# How do you find the vertical asymptotes and holes of f(x)=(x+2)/(x^2+3x-4)?

Nov 17, 2016

vertical asymptotes at x = - 4 and x = 1
horizontal asymptote at y = 0

#### Explanation:

The denominator of f(x) cannot be zero as this would make f(x) undefined. Equating the denominator to zero and solving gives the values that x cannot be and if the numerator is non-zero for these values then they are vertical asymptotes.

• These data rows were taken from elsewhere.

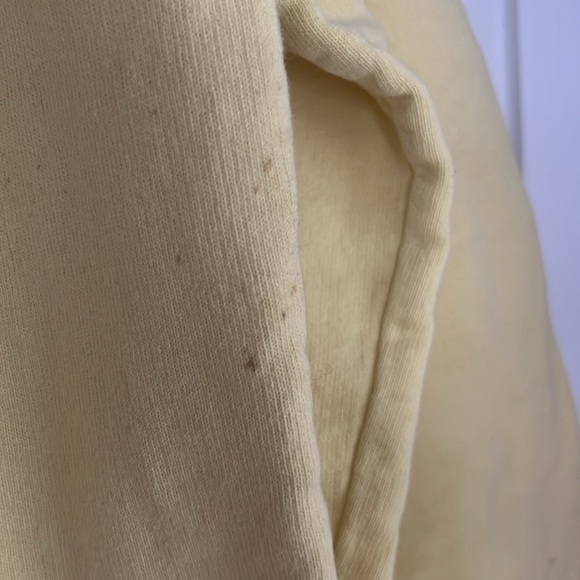 Women’s Fresh Produce Yellow Pullover Fish Print Sweatshirt Size Small - Picture 8 of 8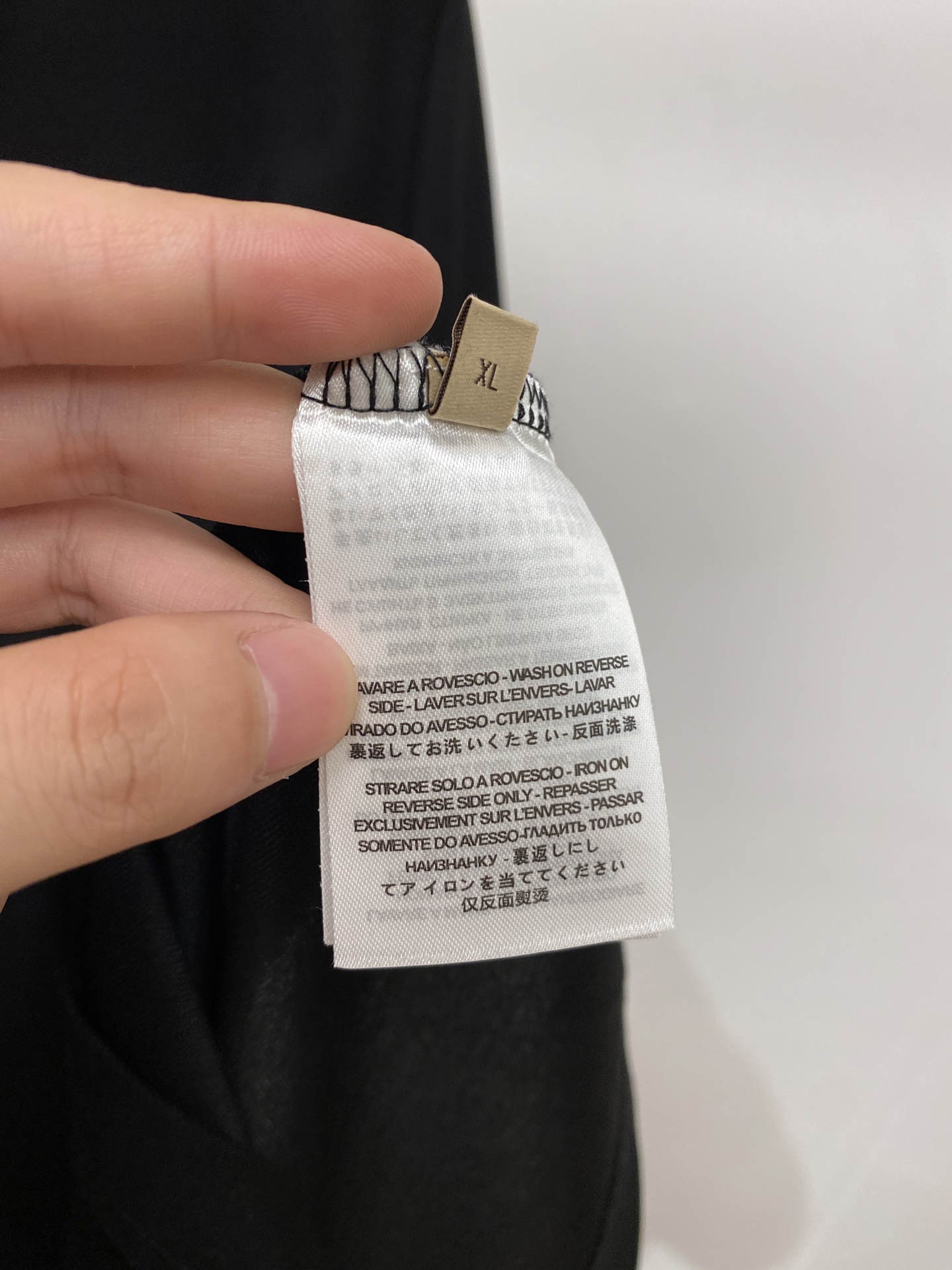 路易威登、2026新品短袖T恤，帅气时尚，胸前精致刺绣字母logo，简约百搭款。面料棉 不仅挺括，保持潮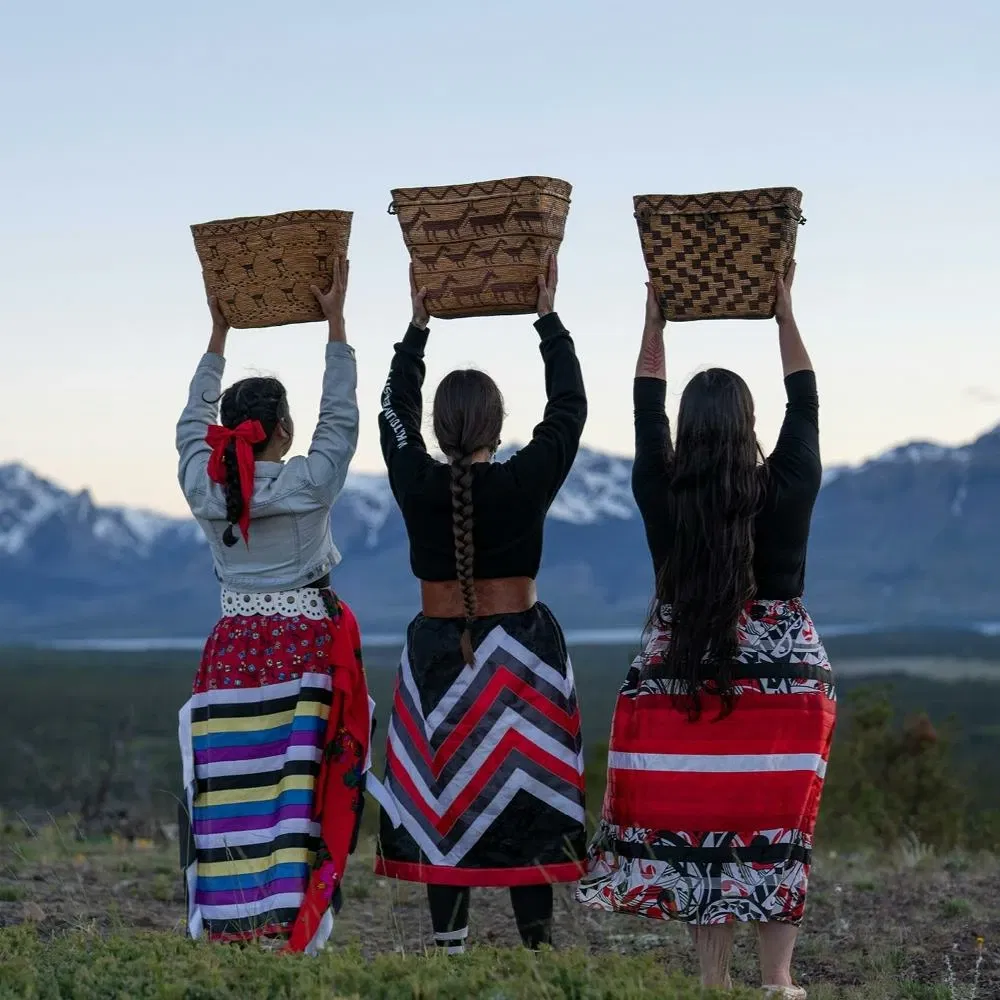 El Trabajo de Reparación: Reparación y Repatriación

solve : ${x}^{2} + 3 x - 4 = 0 \Rightarrow \left(x + 4\right) \left(x - 1\right) = 0$

$\Rightarrow x = - 4 \text{ and " x=1" are the asymptotes}$

Horizontal asymptotes occur as

${\lim}_{x \to \pm \infty} , f \left(x\right) \to \text{ c (a constant)}$

divide terms on numerator/denominator by the highest power of x, that is ${x}^{2}$

$f \left(x\right) = \frac{\frac{x}{x} ^ 2 + \frac{2}{x} ^ 2}{{x}^{2} / {x}^{2} + \frac{3 x}{x} ^ 2 - \frac{4}{x} ^ 2} = \frac{\frac{1}{x} + \frac{2}{x} ^ 2}{1 + \frac{3}{x} - \frac{4}{x} ^ 2}$

as $x \to \pm \infty , f \left(x\right) \to \frac{0 + 0}{1 + 0 - 0}$

$\Rightarrow y = 0 \text{ is the asymptote}$

Holes occur when there are duplicate factors on the numerator/denominator. This is not the case here hence f(x) has no holes.
graph{(x+2)/(x^2+3x-4) [-10, 10, -5, 5]}